SOURCE DATA section start

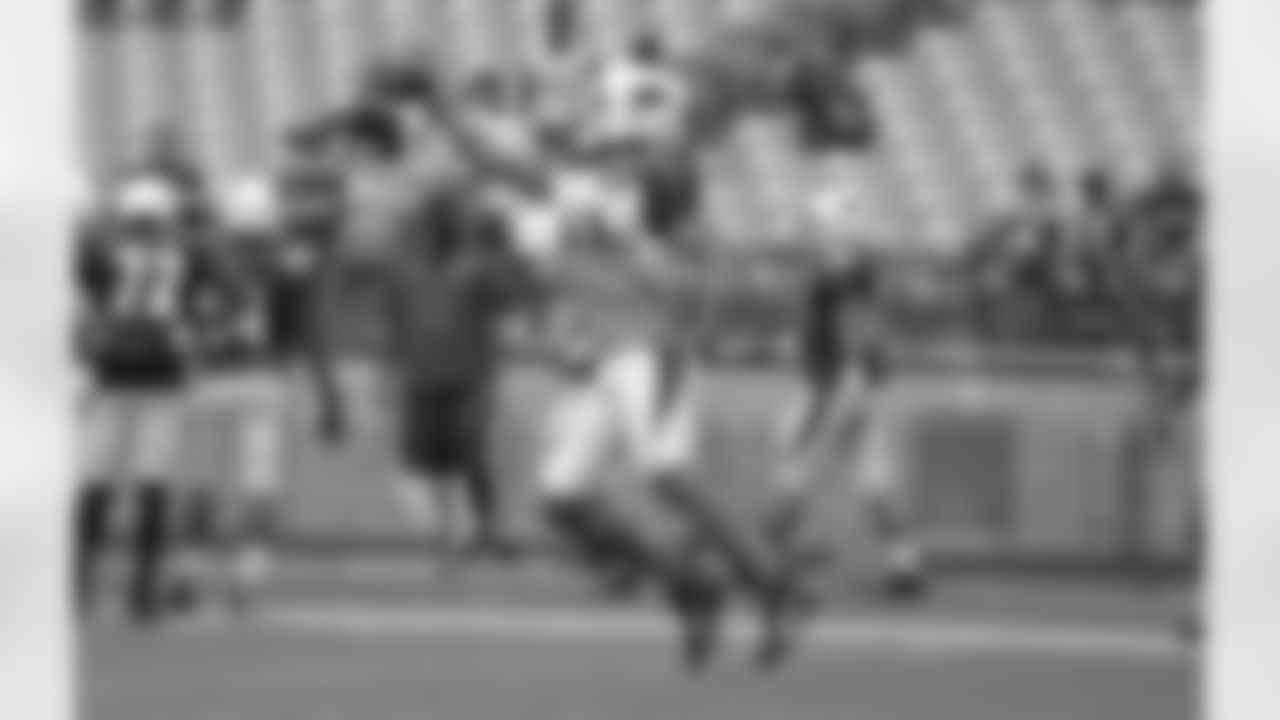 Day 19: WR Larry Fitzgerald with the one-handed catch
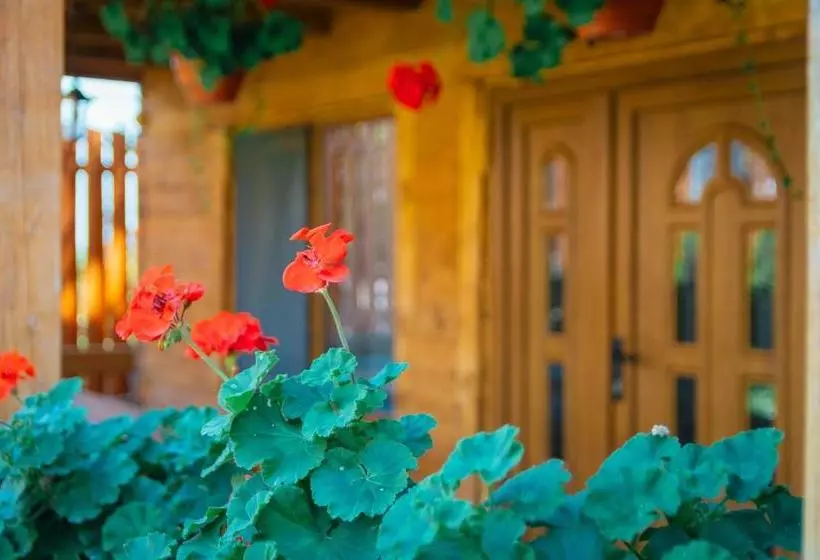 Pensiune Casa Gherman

SOURCE DATA section end
SOURCE DATA section start

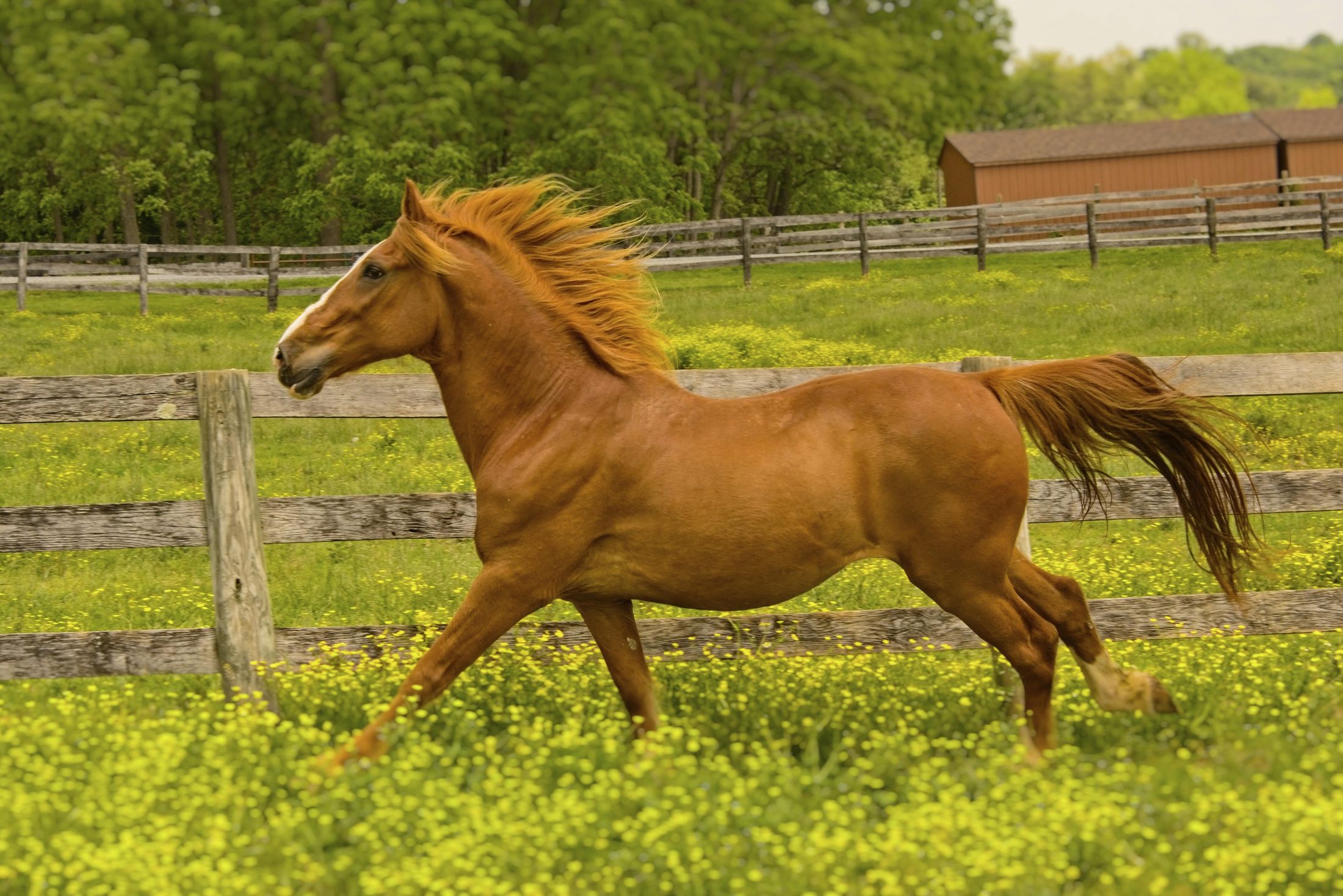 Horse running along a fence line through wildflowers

SOURCE DATA section end

— WHAT YOU WILL DO —
Would you please reproduce the entries above, starting at the line with "Day 19: WR Larry" and stopping after the line with "Pensiune Casa Gherman"? Omit any pictures.

— RESPONSE FOR THIS EXERCISE —
 Day 19: WR Larry Fitzgerald with the one-handed catch
 Pensiune Casa Gherman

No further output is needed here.